C’est un trésor caché de la mangrove, invisible aux yeux, même à marée basse. Pour le comprendre il faut écouter les explications du docteur Aldrie, à la tête de l’Environmental, Economic and Social Sustainability Research Centre à l’Universiti Kebangsaan Malaysia. 

Travaillant sur la mangrove depuis plus de vingt ans, il se rappelle encore de l’étonnement général suscité par l’étude de ces sols boueux où les bottes s’enfoncent. « La communauté scientifique était choquée des résultats concernant la captation du carbone de la mangrove », rapporte-t-il, « C’est 3 ou 4 fois plus, parfois 10 fois plus que ce que capte la forêt terrestre ! » 

Même constat du côté indonésien, où un article de Nature a calculé que le taux de carbone capturé par un hectare de mangrove atteignait en moyenne les 1 000 tonnes. Une donnée colossale qui suscita d’abord un certain scepticisme admettait le spécialiste français de la mangrove Romain Walcker lors d’une interview à National Geographic : « Ce chiffre a d’abord paru invraisemblable, mais il a depuis été confirmé. » 

Systèmes ingénieux de la nature

Pour comprendre ces résultats prodigieux, il faut d’abord s’intéresser aux arbres qui poussent entre terre et mer, suggère le Dr Aldrie. « Les arbres grâce à la photosynthèse absorbent le carbone », rappelle-t-il. « La mangrove fait ça mieux qu’aucun autre végétal, car la marée monte et descend sans arrêt, donc le temps est compté pour absorber du carbone, des nutriments et deviennent en cela extrêmement productifs ». 
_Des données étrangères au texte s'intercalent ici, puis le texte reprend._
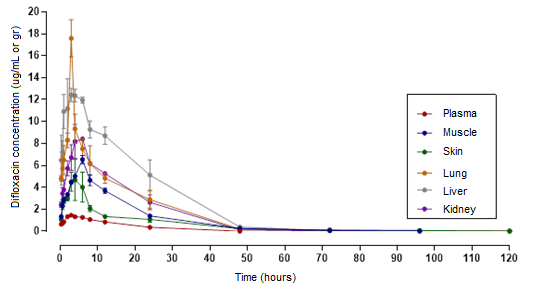 Figure 1: Mean (± SD) plasma and tissue concentrations of difloxacin (µg/ml or gr), orally (10 mg/kg).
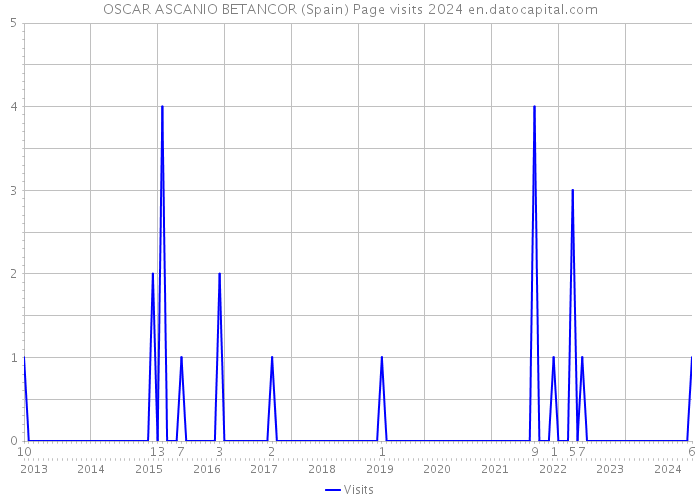 OSCAR ASCANIO BETANCOR (Spain) Page visits 2024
Ensuite, le Dr Aldrie attire notre attention sur les petits trous que l’on trouve partout entre les racines découvertes des arbres pour expliquer le deuxième prodige de cette forêt qui prospère entre eau douce et eau salée : la mangrove ne se contente pas d’absorber le carbone rapidement, elle le stocke aussi d’une manière prodigieuse et tout à fait unique.

Tous ces petits trous ont été creusés par des crabes. Ce sont en quelque sorte les petits ingénieurs de la mangrove : ils se nourrissent des feuilles mortes, et les emportent dans leurs terriers pour en tapisser les parois. Ces feuilles ont une teneur en carbone très élevée, car elles donnent au reste de l’arbre leurs autres nutriments avant de tomber. Dans les forêts terrestres, les litières de feuilles se transforment lentement en matériau organique et restent au sommet des sols, mais dans la mangrove, le carbone va directement dans le sédiment.

De la merveille au cauchemar

Mais si le professeur Aldrie ne cesse de s’émerveiller des merveilles d’ingéniosité de l’écosystème qu’il étudie, il ne tarde pas à mentionner combien l’action de l’homme peut transformer la mangrove en cauchemar pour le climat. Car en détruisant ces sols et ces arbres, les tonnes de carbones qui y sont stockées depuis des milliers d’années sont alors relâchées. 

Pourtant, note-t-il, si ces dernières années, la nécessité de préserver la mangrove fait de plus en plus consensus, c’est moins à cause du puits de carbone qu’elle représente que d’un autre de ces bienfaits.

Après le tsunami de 2004, il y a eu une prise de conscience générale : la mangrove protège les côtes et ses habitants, et les littoraux préservés par de la mangrove ont été bien moins touchés que les autres. Il y a donc eu des programmes de plantations massives, mais aussi beaucoup d’erreurs faites, comme planter les mauvaises espèces au mauvais endroit. On a par exemple vu souvent 400 arbres qui ne peuvent vivre que dans un environnement très particulier entre eau de mer et eau douce, plantés sur des plages, et le lendemain 20 % seulement avaient survécu.

Des dangers toujours présents qui fragilisent cet écosystème

Pour Arie Rompas, de Greenpeace Indonésie, le pays qui compte le plus de mangroves au monde, les dangers qui planent sur la destruction de cet écosystème sont encore nombreux et bien présents. « La principale menace qui pèse sur les mangroves est celle des industries d’aquaculture. La construction d’infrastructures et de bâtiment a également empiété sur les zones côtières de la mangrove. La Papouasie est la dernière grande zone de mangrove, mais elle y reste très menacée, et à cause de la construction d’infrastructures et d’établissements. La mangrove de Yotefa Bay s’est par exemple réduite de 70 % à cause de construction de ponts », déplore Arie Rompas.

Le gouvernement actuel indonésien assure, lui, s’engager à restaurer 600 000 hectares de mangroves détruits d'ici à 2024.